Ah, the holidays! Just when I thought things were getting easier – no more racing to the store on Black Friday to get a Furby toy or a Nintendo Game Boy. Instead, as a mother of a teenager and college student, I now have to figure out how to get quality time with my young adults over the holidays – sharing them with friends, girlfriends and their myriad of social activities. When they were young, I never had to worry about whether I would eat Thanksgiving turkey with my children, but instead stewed over whether they would have good table manners around my relatives and whether I could keep them calm as the Christmas decorations came out of the attic that weekend.
The week before Thanksgiving my college-aged son called to inform me the that he may not have time for all of the family gatherings planned for the upcoming holiday weekend. I couldn’t believe my ears. I knew he was overwhelmed with numerous college papers and exams (and probably sleep deprived), but I didn’t think we had come to that time of life where we may not eat Thanksgiving dinner together. Was this going to be the beginning of new traditions for our family? And, who was going to tell my mother that my son may not be at Thanksgiving dinner? I promptly told him, it would not be me.
As I contemplated his words, I took the advice of a wise friend, took a deep breath and tried not to react. I talked to my son about how much it would mean to all the relatives to have him at the various family dinners. I explained how much they all looked forward to seeing him again since he had been away to college. None of my responses swayed his thoughts. Finally, I decided to get “real” with him about the reason I wanted him there and ended the phone conversation by saying, “Really what is most important is for me to spend time with you this weekend.” He answered on the other end, “Why didn’t you just say so, Mom?”
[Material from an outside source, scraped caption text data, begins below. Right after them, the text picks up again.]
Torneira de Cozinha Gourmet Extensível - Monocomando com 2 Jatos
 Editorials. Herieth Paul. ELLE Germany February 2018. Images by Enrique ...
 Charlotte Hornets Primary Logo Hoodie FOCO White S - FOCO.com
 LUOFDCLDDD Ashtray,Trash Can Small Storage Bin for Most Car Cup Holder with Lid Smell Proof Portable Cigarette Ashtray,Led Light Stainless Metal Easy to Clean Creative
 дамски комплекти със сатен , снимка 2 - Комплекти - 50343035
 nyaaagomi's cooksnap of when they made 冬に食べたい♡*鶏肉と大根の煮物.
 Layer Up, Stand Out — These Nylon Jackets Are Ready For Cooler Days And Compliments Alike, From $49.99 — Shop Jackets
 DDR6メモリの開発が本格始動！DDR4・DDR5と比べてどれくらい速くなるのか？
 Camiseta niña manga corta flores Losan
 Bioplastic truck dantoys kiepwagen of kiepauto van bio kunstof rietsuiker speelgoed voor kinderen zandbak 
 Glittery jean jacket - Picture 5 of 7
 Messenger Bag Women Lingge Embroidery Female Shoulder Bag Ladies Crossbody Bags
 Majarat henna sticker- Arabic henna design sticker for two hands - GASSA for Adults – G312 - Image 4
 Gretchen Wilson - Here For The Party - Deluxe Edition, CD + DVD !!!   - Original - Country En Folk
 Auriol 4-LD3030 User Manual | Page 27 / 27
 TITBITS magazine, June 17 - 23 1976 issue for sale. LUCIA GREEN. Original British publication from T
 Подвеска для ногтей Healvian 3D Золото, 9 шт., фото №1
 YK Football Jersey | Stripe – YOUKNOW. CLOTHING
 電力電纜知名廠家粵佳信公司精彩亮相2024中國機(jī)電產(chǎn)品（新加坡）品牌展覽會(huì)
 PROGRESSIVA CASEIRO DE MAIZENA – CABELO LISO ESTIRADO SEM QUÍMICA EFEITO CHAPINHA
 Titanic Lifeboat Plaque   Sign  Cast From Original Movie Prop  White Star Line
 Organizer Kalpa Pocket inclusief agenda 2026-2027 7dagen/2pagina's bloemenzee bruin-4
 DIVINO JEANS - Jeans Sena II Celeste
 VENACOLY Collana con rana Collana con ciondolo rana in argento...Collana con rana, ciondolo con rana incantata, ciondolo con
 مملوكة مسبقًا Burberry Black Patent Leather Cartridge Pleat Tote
I continue to learn from my children. Although some days seem like they are slipping away from me (and I know they are), I learned from my son this holiday that they still want to know we love them and want to spend time with them. The result this Thanksgiving was that my son did attend all of the Thanksgiving dinners (even making a dish of his own this year to contribute). We all even enjoyed going to the movies together one night – just the four of us. I know these days won’t last forever, so in the meantime, I am going to savor every minute I get with my children this holiday season – even the often challenging dinner-time conversations – as my little ones are becoming adults themselves.